Un débat monopolisé par les Français
Pour le deuxième set, on ne change pas de terrain mais on change les équipes. Avec la montée d’Emmanuel Macron, venu présenter les priorités de la présidence française du conseil de l’Union européenne. Le Président-pas-encore-candidat-mais-c’est-pour-bientôt allait planter les jalons de l’Europe pour les 10 ans à venir. On allait voir ce qu’on allait voir et de fait on a vu un hémicycle tout électrisé par la campagne électorale française. Avec des affrontements inhabituels dans une assemblée où les politiques cherchent traditionnellement le compromis pour faire avancer leurs idées.
C’est vrai que dans un pays où le Président ne vient jamais ni devant l’Assemblée nationale ni devant le Sénat, la visite d’Emmanuel Macron au Parlement européen est apparue comme une occasion en or pour ses opposants à la course à l’Elysée. Le face à face qu’a voulu installer Yannick Jadot dans l’hémicycle avec Emmanuel Macron sera sans doute pour lui la seule occasion de toute la campagne électorale de débattre avec le président. Les autres candidats aussi l’ont compris. Ils ont envoyé leurs porte-flingues faire le boulot. Les 2/3 des intervenants durant le débat étaient Français. Eclipsés, les autres eurodéputés ont juste compté les points. C’est le deuxième set du match. Et là disons que tout le monde a gagné, y compris le parlement européen puisqu’il a réussi à s’inviter dans les journaux télévisés. C’est une belle prouesse.
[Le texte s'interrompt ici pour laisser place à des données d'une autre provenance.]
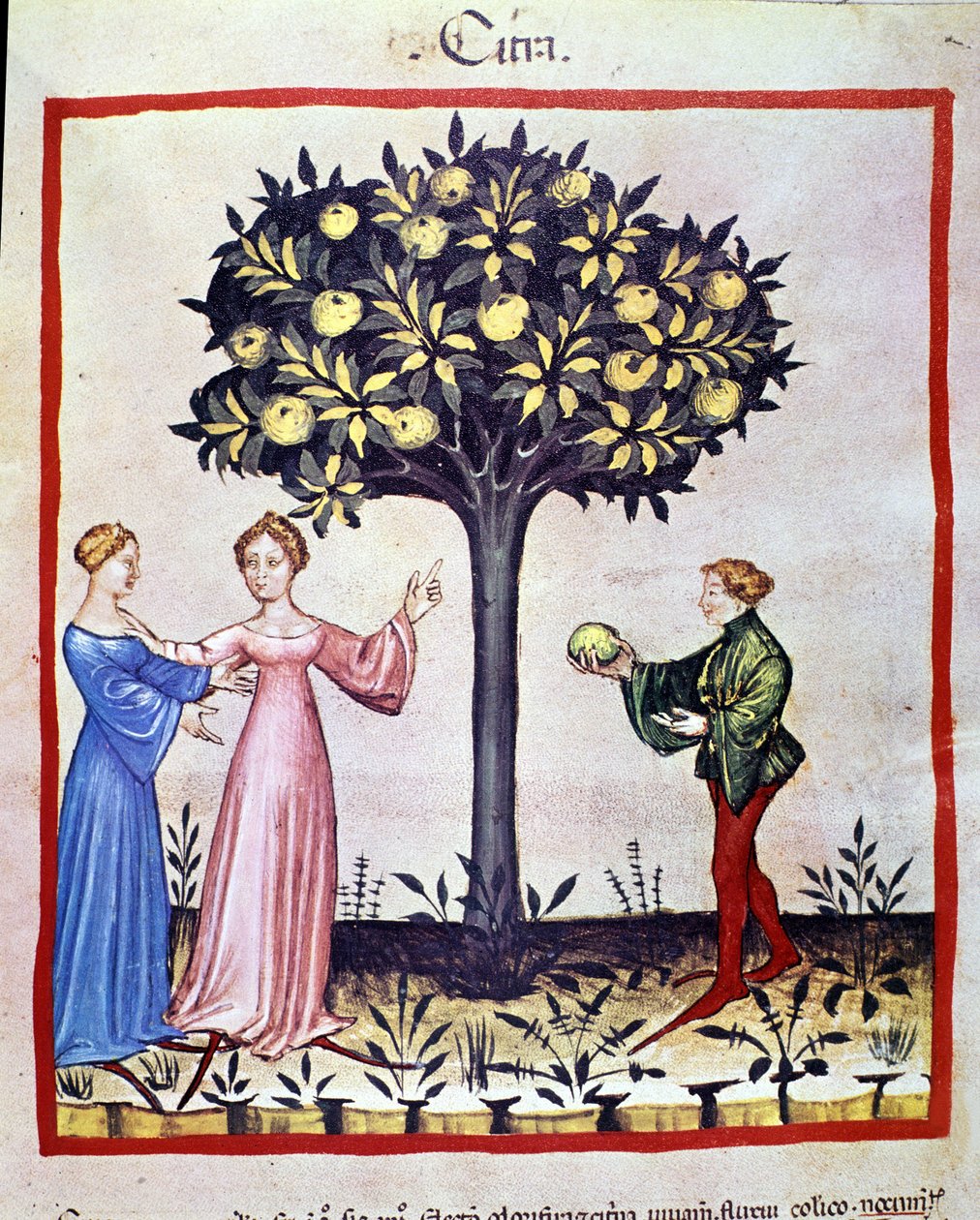 Zitronenpflücken, Frucht des Zitronenbaums. Illumination aus der Milchwirtschaft der Medizin und Diätetik „Tacuinum sanitatis“ von Unknown artist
Conséquence, L’Europe se retrouve aujourd’hui au cœur du débat de la présidentielle française
Et ça n’est pas un hasard. L’Europe avait déjà été un marqueur fort de la campagne présidentielle de 2017. La recette avait plutôt bien fonctionné pour Emmanuel Macron, qui s’apprête à remettre le couvert en 2022. D’autant que les partis politiques français ont un rapport compliqué avec l’Union européenne. Avec des pro et des anti-européens dans chaque formation. Il n’y a guère que les macronistes qui assument ouvertement leur européanitude. Le président français le sait. Il a profité de sa tribune européenne pour tenter de réinstaller le clivage entre progressistes ouverts sur le monde et vilains nationalistes renfermés sur eux même. C’est le 3ème set de ce match. Il a commencé dans l’hémicycle strasbourgeois mercredi.
Résultat final le 10 avril, au 1er tour de la présidentielle
Mais à se retrouver au milieu du terrain, l’Europe ne risque-t-elle pas de se prendre des balles perdues ? Disons que c’est plutôt sain pour le débat démocratique que l’Europe joue les premiers rôles dans une élection nationale où elle fait généralement, au mieux de la figuration, au pire elle passe complètement aux oubliettes comme chez nous par exemple. Le vrai risque, c’est que les belles annonces d’une Europe plus forte, plus affirmée, plus juste prononcées par le président français dans l’hémicycle cette semaine ne soient que des promesses électorales. Si c’était le cas, la parole du président Macron, s’il est réélu, serait considérée hors jeu.